The trade group says the bill will not penalize those who have managed credit in a responsible manner

The National Association of Mortgage Brokers (NAMB) declared its support this week for a bill introduced by Republicans in the U.S. House of Representatives that would reinstate the Loan Level Price Adjustment (LLPA) structure that was in place prior to May 1, 2023.

Lawmakers proposed similar legislation in April. However, it was more limited in scope and sought to cancel the changes announced in January and continue risk-based pricing.

The new version seeks to restrict Federal Housing Finance Agency (FHFA) adjustments to the single-family pricing framework and prohibit LLPA changes based on debt-to-income ratio.

If passed, the bill would also direct the Government Accountability Office (GAO) to “conduct a study of the revisions made by the [FHFA] to the standard single-family pricing framework under the recalibrated single-family pricing framework” by analyzing the basis for such revisions; inputs supplied by the GSEs; and how proposed revisions comply with the Enterprise Regulatory Capital Framework.

“Borrowers who have demonstrated a propensity to manage credit in a responsible manner should not be penalized when obtaining financing,” said NAMB President Ernest Jones in the announcement. “There is data which shows that lower credit scores do not directly correlate to lower income, furthermore, there are higher income earners who fail to manage credit effectively.”

The earlier version of the bill passed the House Financial Services Committee in May.
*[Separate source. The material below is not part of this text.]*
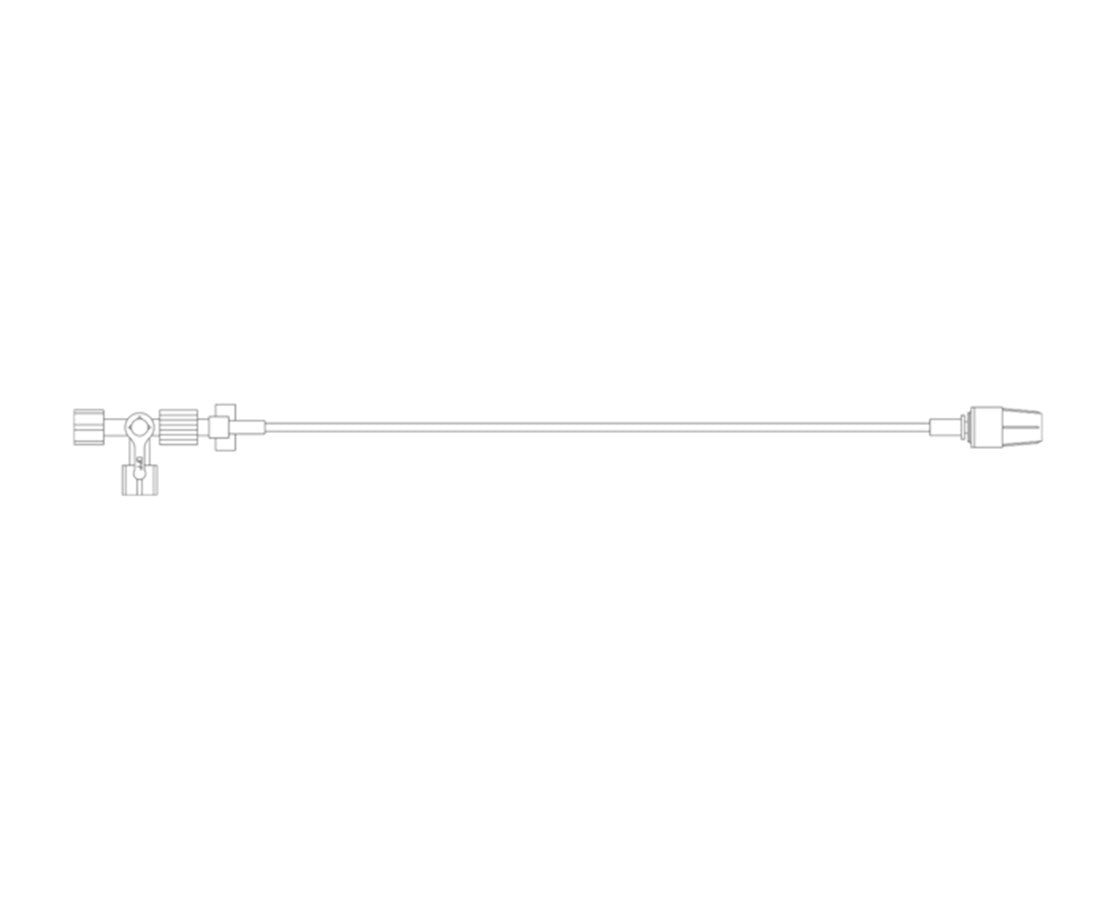 BD Carefusion Infusion Extension Set Disposables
However, the passage was along partisan lines, and the issue should face an ideological split between political parties, NAMB said.
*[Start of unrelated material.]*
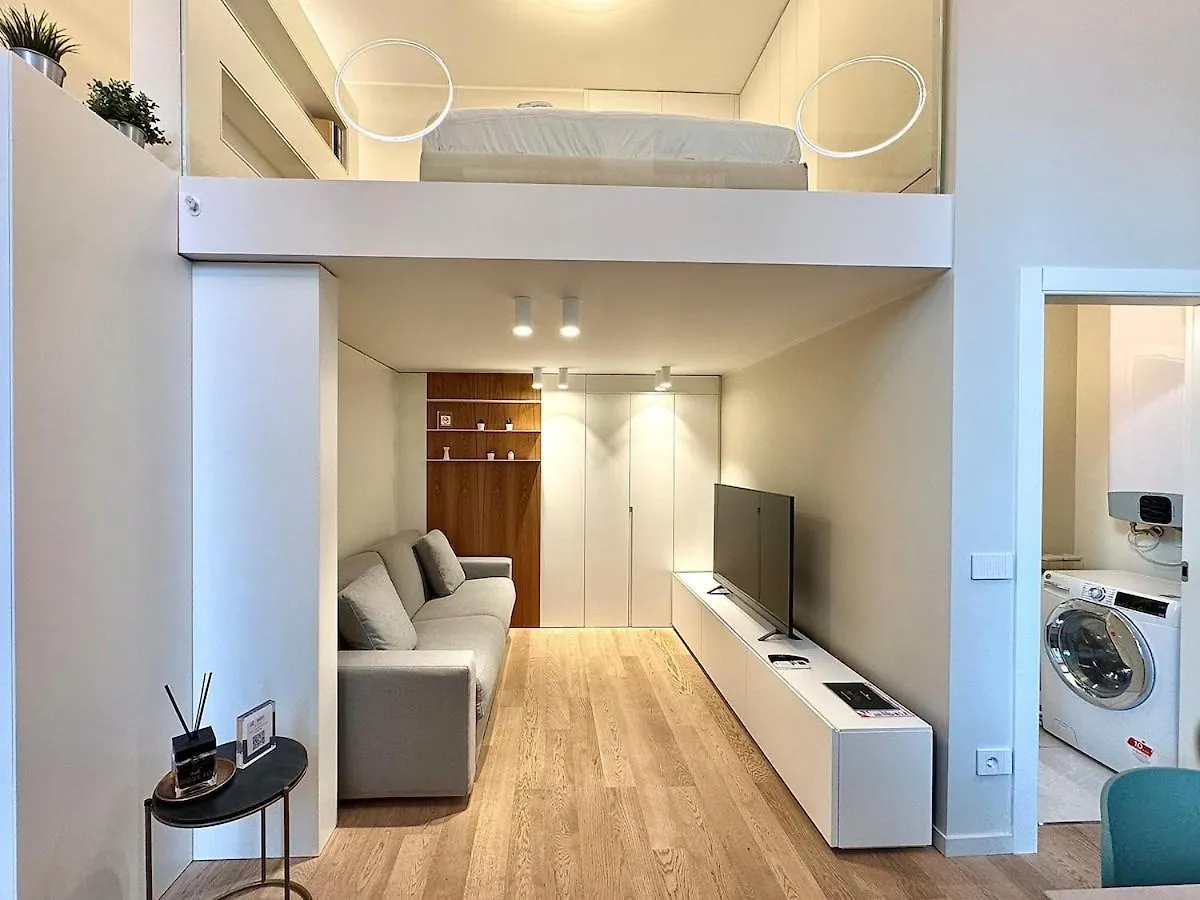 Loft Citylife - Casti 5 Milan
“NAMB believes opposition to this policy should not be a partisan issue, it is a matter of fundamental fairness,” the association said.
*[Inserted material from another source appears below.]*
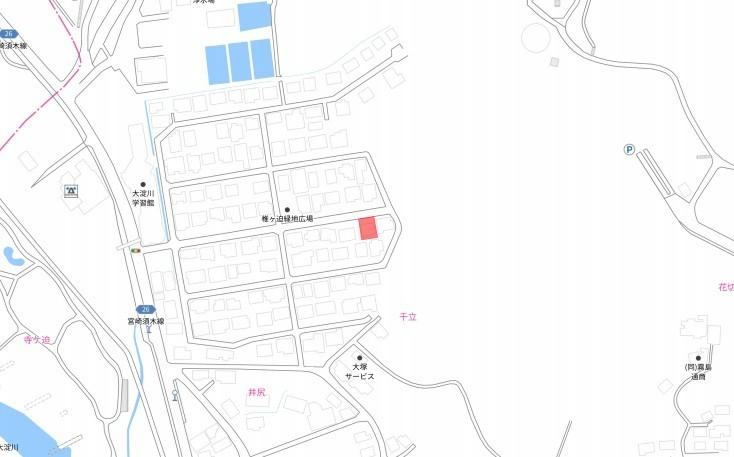 231 m² land in Miyazaki, Miyazaki - Photo 1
The proposed LLPA changes caused an uproar when announced earlier this year. The main issue stemmed from the belief that the changes would punish borrowers with good credit, which FHFA Director Sandra Thompson characterized as a misconception.

The changes were later rescinded, but not before House Republican lawmakers took aim in a House Financial Services subcommittee hearing and an additional hearing with Thompson as a witness.

“I want to be very clear on one key point, and one that bears repeating: under the new pricing framework, borrowers with strong credit profiles are not being penalized to benefit borrowers with weaker credit profiles,” Thompson said during the hearing. “That is simply not true.”

The new bill is sponsored in the House by Rep. Warren Davidson (R-Ohio). It currently has 13 Republican cosponsors; no Democrat had signed on as a cosponsor as of June 8. An amendment to the proposed bill was passed out of committee on June 7.